Ну вот. Она сказала то, что хотела сказать. Хоббс почувствовала, как у нее по спине потекла струйка пота. Она стояла по стойке «смирно», и между шерстяной тканью формы и кожей оставалась тонкая прослойка воздуха. Тщательный анализ этого разговора, который в один прекрасный день мог предпринять Аппарат, мог бы, наверное, склонить его служащих к тем же самым предположениям, какие возникли у Хоббс и некоторых офицеров во время анализа данных. Предположения ну очень забавные.
– Старший помощник, – проговорил капитан, выпрямившись во весь рост, – вы случайно не пытаетесь… спасти меня?
Хоббс была готова к этому вопросу.
– Сэр, «разбор состоявшегося сражения не менее важен, чем разбор грядущего». Сэр.
– Не «сражения», а «баталии», – поправил Зай. Наверное, он предпочитал более ранний перевод. Но вроде бы порадовался – как радовался всегда, когда Хоббс цитировала древнюю военную сагу анонимного автора, числящегося под номером сто шестьдесят семь. Капитан даже ухитрился улыбнуться – впервые с момента гибели Императрицы. Однако его улыбка тут же стала горькой.
– Хоббс, у меня в руке – в некотором роде «клинок ошибки».
Он разжал кулак. На ладони у него лежал маленький черный квадратик.

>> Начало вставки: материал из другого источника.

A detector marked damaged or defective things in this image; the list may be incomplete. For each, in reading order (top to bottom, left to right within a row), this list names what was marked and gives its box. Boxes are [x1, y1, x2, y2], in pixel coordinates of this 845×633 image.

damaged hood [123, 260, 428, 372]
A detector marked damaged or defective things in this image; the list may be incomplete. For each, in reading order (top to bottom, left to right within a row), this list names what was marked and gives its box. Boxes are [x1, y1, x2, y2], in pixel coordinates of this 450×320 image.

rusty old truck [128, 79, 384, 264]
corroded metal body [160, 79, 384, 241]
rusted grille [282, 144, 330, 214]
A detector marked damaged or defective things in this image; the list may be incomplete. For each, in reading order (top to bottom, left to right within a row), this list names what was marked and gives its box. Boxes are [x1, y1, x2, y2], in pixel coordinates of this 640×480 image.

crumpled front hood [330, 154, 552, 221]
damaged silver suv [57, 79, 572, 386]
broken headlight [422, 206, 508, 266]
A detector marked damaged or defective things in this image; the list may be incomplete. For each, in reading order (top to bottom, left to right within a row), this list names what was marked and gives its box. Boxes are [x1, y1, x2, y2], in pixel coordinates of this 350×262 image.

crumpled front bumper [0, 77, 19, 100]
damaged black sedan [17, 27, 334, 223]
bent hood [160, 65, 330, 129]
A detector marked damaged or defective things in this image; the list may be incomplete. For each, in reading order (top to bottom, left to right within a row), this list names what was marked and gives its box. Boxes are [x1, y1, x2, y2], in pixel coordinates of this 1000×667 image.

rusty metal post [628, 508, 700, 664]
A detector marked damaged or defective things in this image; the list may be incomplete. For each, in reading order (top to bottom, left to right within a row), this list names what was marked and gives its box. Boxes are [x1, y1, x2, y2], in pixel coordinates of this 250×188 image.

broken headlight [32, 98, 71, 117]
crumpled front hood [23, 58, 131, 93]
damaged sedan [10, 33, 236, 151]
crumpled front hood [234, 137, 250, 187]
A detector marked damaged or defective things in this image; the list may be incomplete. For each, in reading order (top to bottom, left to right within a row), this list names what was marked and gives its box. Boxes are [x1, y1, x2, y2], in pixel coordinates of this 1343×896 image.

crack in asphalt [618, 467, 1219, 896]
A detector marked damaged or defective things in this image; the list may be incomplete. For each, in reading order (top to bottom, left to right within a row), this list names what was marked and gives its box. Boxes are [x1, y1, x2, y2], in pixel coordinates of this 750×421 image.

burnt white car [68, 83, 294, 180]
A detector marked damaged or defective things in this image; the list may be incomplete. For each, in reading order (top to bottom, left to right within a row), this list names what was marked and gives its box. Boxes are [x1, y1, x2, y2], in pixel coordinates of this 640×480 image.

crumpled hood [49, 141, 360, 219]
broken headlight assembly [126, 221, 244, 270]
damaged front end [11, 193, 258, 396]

Одноразовый программируемый пульт управления.
– Капитан?
– Малоизвестный факт: возвышенный имеет право выбрать любую разновидность «клинка». Вспомните, к примеру, Рикарда Тэша и вулкан.
Хоббс нахмурилась, припомнив древнее предание. Одна из первых Ошибок Крови – сражение, проигранное во времена объединения Родины. Она никогда не задумывалась о том, почему Тэш избрал для себя такое необычное самоубийство. Перспектива заживо свариться в кипящей лаве не казалась столь уж заманчивой.
– Сэр? Я не уверена…
– Этот пульт дистанционного управления запрограммирован на приведение всего вооружения «Рыси» в состояние боевой готовности в обход всех ограничений, – объяснил Зай и повертел пультик в руке, будто миниатюрный шокер. – На самом деле – стандартная последовательность команд. Очень удобно при блокаде.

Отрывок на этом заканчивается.